> _About this task_
An exact transcription is needed of the lines below from the one with "Appartement à louer 2 pièces 36 m²" through the one with "Нацгвардейцы въехали в", with no other lines and no pictures.

> _Material for this exercise_
--- --- ---
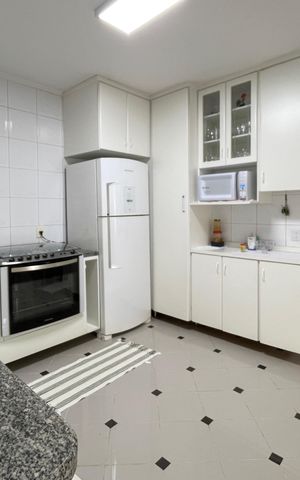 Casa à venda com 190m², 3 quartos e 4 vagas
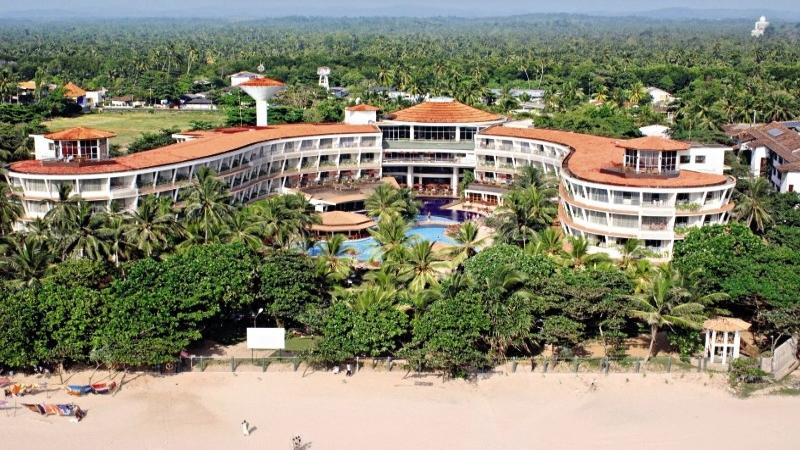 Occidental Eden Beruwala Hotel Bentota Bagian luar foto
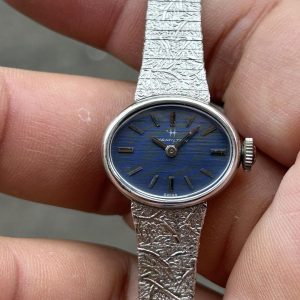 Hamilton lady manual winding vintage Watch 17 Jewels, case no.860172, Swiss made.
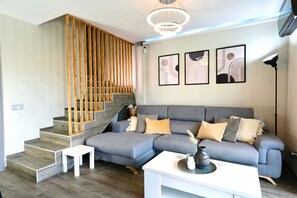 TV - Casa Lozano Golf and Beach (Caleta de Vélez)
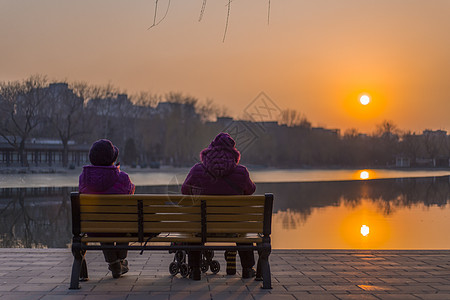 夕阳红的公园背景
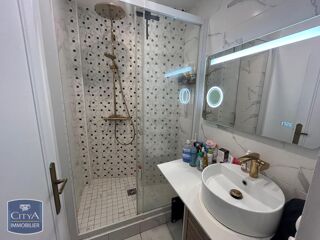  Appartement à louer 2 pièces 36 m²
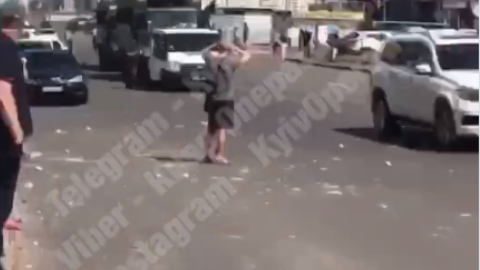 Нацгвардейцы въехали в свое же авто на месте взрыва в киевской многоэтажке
--- --- ---
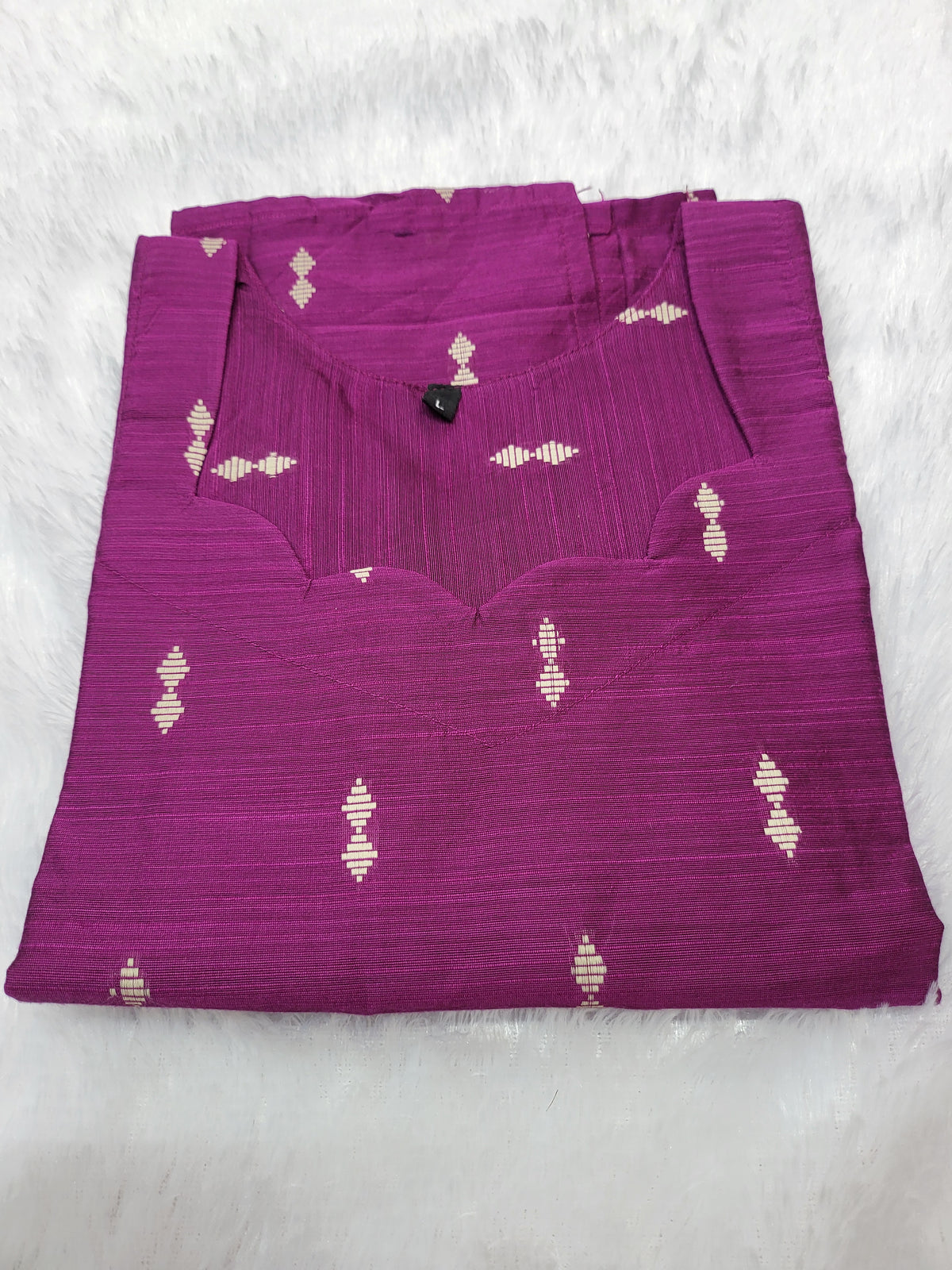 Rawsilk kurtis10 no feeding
--- --- ---
> _Exercise result_
  Appartement à louer 2 pièces 36 m²
 Нацгвардейцы въехали в свое же авто на месте взрыва в киевской многоэтажке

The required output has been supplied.